North, South, East and West are no longer the cardinal points on the international political compass. The World Trade Organization and its body of universal rules and regulations for fostering free trade, the European Union, the Asia-Pacific Economic Cooperation Council (APEC), the North American Free Trade Agreement (NAFTA), the Organisation for Economic Cooperation and Development (OECD), the Group of 7, the Association of South-East Asian Nations (ASEAN), the South African Development Community (SADC), and the Southern Cone Common Market (MERCOSUR) have become, in their respective areas of action, the catalysts for development, cooperation, understanding and, indeed, for peace.

The peace that the founders of the United Nations envisioned may come about as a result of the response by the various regions and groups of countries to the challenges, opportunities and risks of a new world, which today is called the world of globalization.

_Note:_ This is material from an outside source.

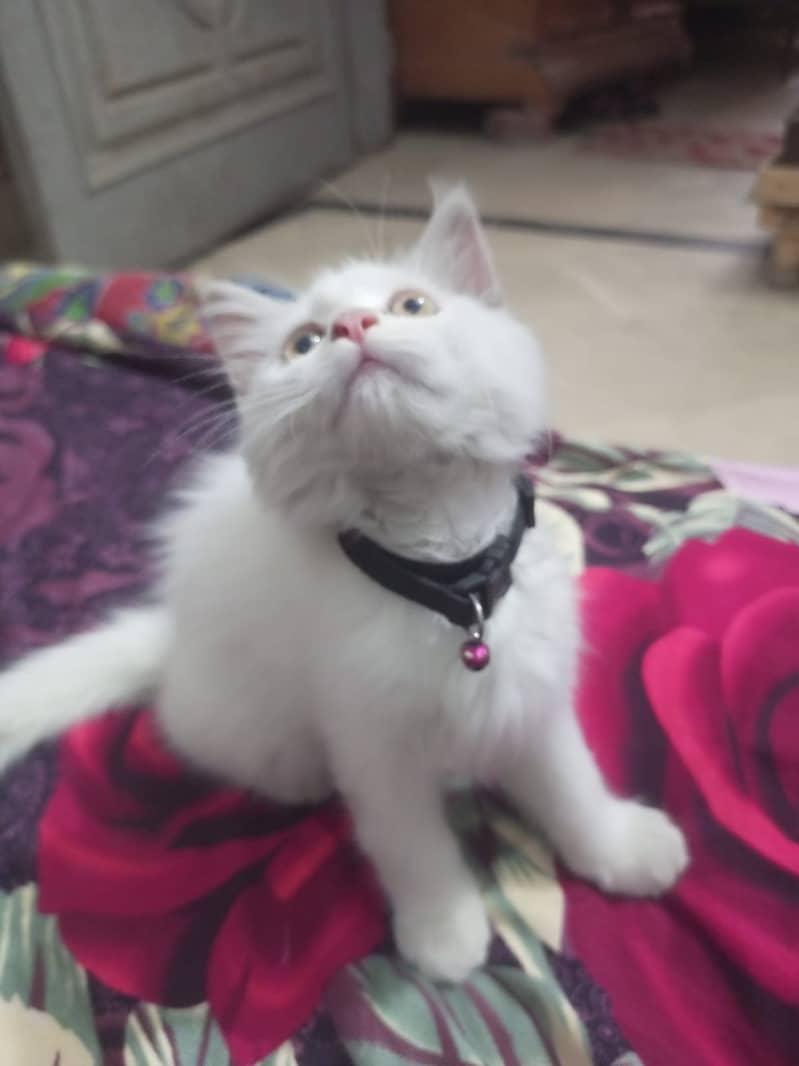 Persian Kitten's For Sale 8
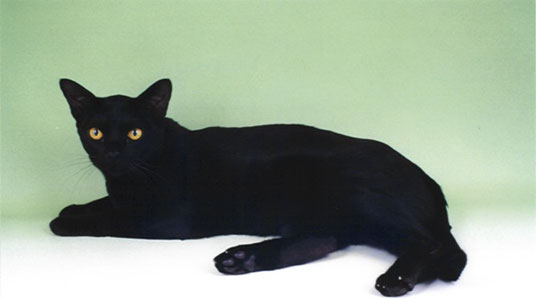 Black American Shorthair Cat Photo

It is a world that generates prosperity and a healthy competition among countries and regions; but it is also a world that swells the ranks of the destitute and the outcast among and within countries, a world that breeds conflict and increases inequality, a world that demands reason, reflection and constructive action.

Through peace, cooperation, respect for human rights and development, the United Nations has a major role to play in preventing the divisions of the cold war from finding new expression in a widening gap in well-being.

The Organization must evolve in order to successfully play that role as it has so often done in the past. It must adapt its structure and methods of work in order to optimize its human, material and financial resources. It must make use of the great political, strategic, and moral power it is able to muster. It must implement and follow up on its decisions, on the rules with which it updates and consolidates international law and on the commitments it has won from the international community.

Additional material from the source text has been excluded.